OThe weak link is probably Syrah which, whilst being adapted to warmer conditions, tends to contribute flavours than can be too jammy or rubbery, and is certainly better adapted to the granite slopes of the Northern Rhône. At forward-thinking Châteauneuf-du-Pape estates, Syrah is likely to play a less important role in the future.

Looking to the future


In Vincent Avril’s view, and it is one that is widely shared, the biggest future challenge for Châteauneuf-du-Pape will be drought. Since 2021, irrigation has been permitted and in the south of the region, the alluvial soils can be drenched by diverting some water from the Rhône. But young vines without established root systems are especially vulnerable and the key must be maintaining healthy and bio-diverse soils.

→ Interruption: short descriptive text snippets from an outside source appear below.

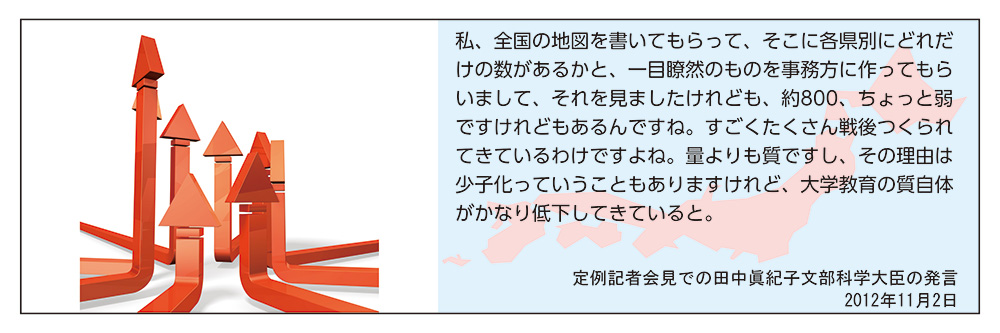 イメージ写真、および「私、全国の地図を書いてもらって、そこに各県別にどれだけの数があるかと、一目瞭然のものを事務方に作ってもらいまして、それを見ましたけれども、約800、ちょっと弱ですけれどもあるんですね。すごくたくさん戦後つくられてきているわけですよね。量よりも質ですし、その理由は少子化っていうこともありますけれど、大学教育の質自体がかなり低下してきていると。（定例記者会見での田中眞紀子文部科学大臣の発言　2012年11月2日）」というテキスト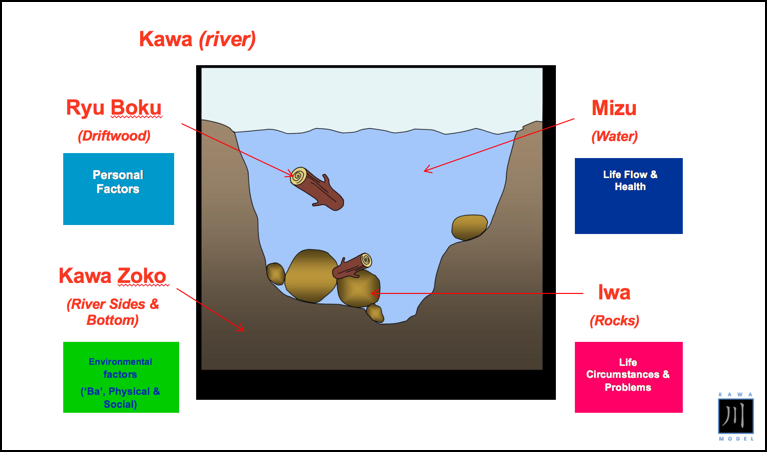 Occupational Therapy Model part 1 Compare and Contrast CMOP, PEO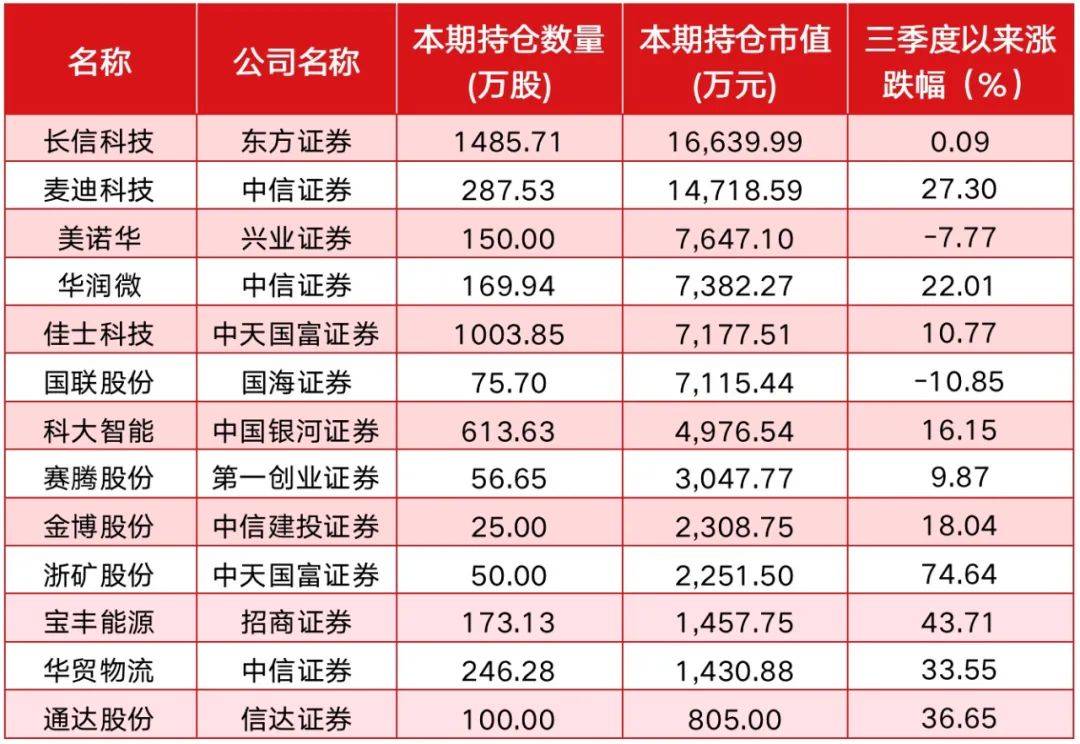 新澳门历史所有记录大全,收益成语分析落实_X87.745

Vincent has long had cover crops which help to reduce the ambient temperature by several degrees, he only tills his soils and introduces sheep to his vineyards in autumn and winter to trim and fertilise the vegetation.

In each wine region I have visited recently, 2022 seems to have been an exceptional year, with wines of freshness and character made everywhere, despite the conditions of drought and heat. The wines of both the Southern and Northern Rhône are no exception, despite the challenges being more amplified – not forgetting the tornado of hail that ran through Le Crau and deprived Vieux Télégraphe of any crop that year.

Of course, the higher temperatures of recent years are not sustainable if they continue to rise further. But in the case of Châteauneuf-du-Pape, the answer appears to be to concentrate on existing strengths, and not to reinvent the wheel. Although it is not possible to predict how long it will last, and perhaps for the moment and as Vincent suggests, the region is enjoying a golden moment.